In [43]:
from transformers import AutoTokenizer, AutoModelForSeq2SeqLM, pipeline
import torch
import pandas as pd
import Levenshtein
import evaluate
from torch.utils.data import DataLoader, Dataset
from typing import List

In [28]:
device = 0 if torch.cuda.is_available() else -1  
print(f"Device set to use: {'cuda:0' if device==0 else 'cpu'}")

Device set to use: cuda:0


In [29]:
MODEL_NAME = "vennify/t5-base-grammar-correction"

tokenizer = AutoTokenizer.from_pretrained(MODEL_NAME)
model = AutoModelForSeq2SeqLM.from_pretrained(MODEL_NAME)

In [30]:
df=pd.read_csv('/kaggle/input/grammar-correction/Grammar Correction.csv')
df.drop(columns={'Serial Number','Error Type'},inplace=True)
df.head()

Unnamed: 0,Ungrammatical Statement,Standard English
0,I goes to the store everyday.,I go to the store everyday.
1,They was playing soccer last night.,They were playing soccer last night.
2,She have completed her homework.,She has completed her homework.
3,He don't know the answer.,He doesn't know the answer.
4,The sun rise in the east.,The sun rises in the east.


In [31]:
df2=df.copy()

In [32]:
corrector = pipeline(
    "text2text-generation",
    model=model,
    tokenizer=tokenizer,
    device=device,
)

Device set to use cuda:0


In [33]:
input_text = df['Ungrammatical Statement'].iloc[0]

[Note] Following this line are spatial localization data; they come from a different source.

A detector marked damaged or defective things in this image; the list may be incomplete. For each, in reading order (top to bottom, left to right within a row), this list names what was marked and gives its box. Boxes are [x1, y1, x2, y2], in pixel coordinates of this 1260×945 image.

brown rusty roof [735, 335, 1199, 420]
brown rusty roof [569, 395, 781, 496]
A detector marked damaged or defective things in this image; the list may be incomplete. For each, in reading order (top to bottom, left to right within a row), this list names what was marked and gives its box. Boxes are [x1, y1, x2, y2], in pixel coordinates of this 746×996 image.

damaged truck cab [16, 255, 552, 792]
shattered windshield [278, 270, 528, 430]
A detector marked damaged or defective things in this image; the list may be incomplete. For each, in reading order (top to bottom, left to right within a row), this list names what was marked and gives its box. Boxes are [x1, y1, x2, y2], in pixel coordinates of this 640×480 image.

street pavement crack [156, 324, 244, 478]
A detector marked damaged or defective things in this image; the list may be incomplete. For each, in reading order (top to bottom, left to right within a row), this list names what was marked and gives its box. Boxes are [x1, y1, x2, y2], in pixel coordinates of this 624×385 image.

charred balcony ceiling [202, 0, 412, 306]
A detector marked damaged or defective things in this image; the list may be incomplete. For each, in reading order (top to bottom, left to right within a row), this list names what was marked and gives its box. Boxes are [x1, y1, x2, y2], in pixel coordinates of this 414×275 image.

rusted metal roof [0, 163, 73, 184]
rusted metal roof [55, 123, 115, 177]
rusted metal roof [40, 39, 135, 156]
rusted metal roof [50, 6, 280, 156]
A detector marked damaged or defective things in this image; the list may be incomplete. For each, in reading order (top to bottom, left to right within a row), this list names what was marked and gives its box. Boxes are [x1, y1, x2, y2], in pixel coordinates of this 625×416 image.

predicted = corrector(input_text, max_new_tokens=128)[0]['generated_text']

print("Input:    ", input_text)
print("Corrected:", predicted)
print("Corrected:", df['Standard English'].iloc[0])

Input:     I goes to the store everyday.
Corrected: I go to the store everyday.
Corrected: I go to the store everyday.


In [None]:

texts = df2['Ungrammatical Statement'].tolist()

results = corrector(texts, max_new_tokens=64, batch_size=16)  
preds = [r['generated_text'] for r in results]

df2['predicted'] = preds


In [35]:
df2

Unnamed: 0,Ungrammatical Statement,Standard English,predicted
0,I goes to the store everyday.,I go to the store everyday.,I go to the store everyday.
1,They was playing soccer last night.,They were playing soccer last night.,They were playing soccer last night.
2,She have completed her homework.,She has completed her homework.,She has completed her homework.
3,He don't know the answer.,He doesn't know the answer.,He doesn't know the answer.
4,The sun rise in the east.,The sun rises in the east.,The sun rises in the east.
...,...,...,...
2013,"The festival celebrates music, culture, and to...","The festival celebrates music, culture, and br...","The festival celebrates music, culture, and to..."
2014,The seminar will address topics such as career...,The seminar will address topics such as career...,The seminar will address topics such as career...
2015,The research examines the effects of climate c...,The research examines the effects of climate c...,The research examines the effects of climate c...
2016,"The report highlights the need for investment,...","The report highlights the need for investment,...","The report highlights the need for investment,..."


In [None]:

bleu_metric = evaluate.load("bleu")

y_true = df2['Standard English'].tolist()
y_pred = df2['predicted'].tolist()

references = [[ref] for ref in y_true]

bleu_score = bleu_metric.compute(predictions=y_pred, references=references)
print("BLEU Score (pre-finetuning):", bleu_score["bleu"])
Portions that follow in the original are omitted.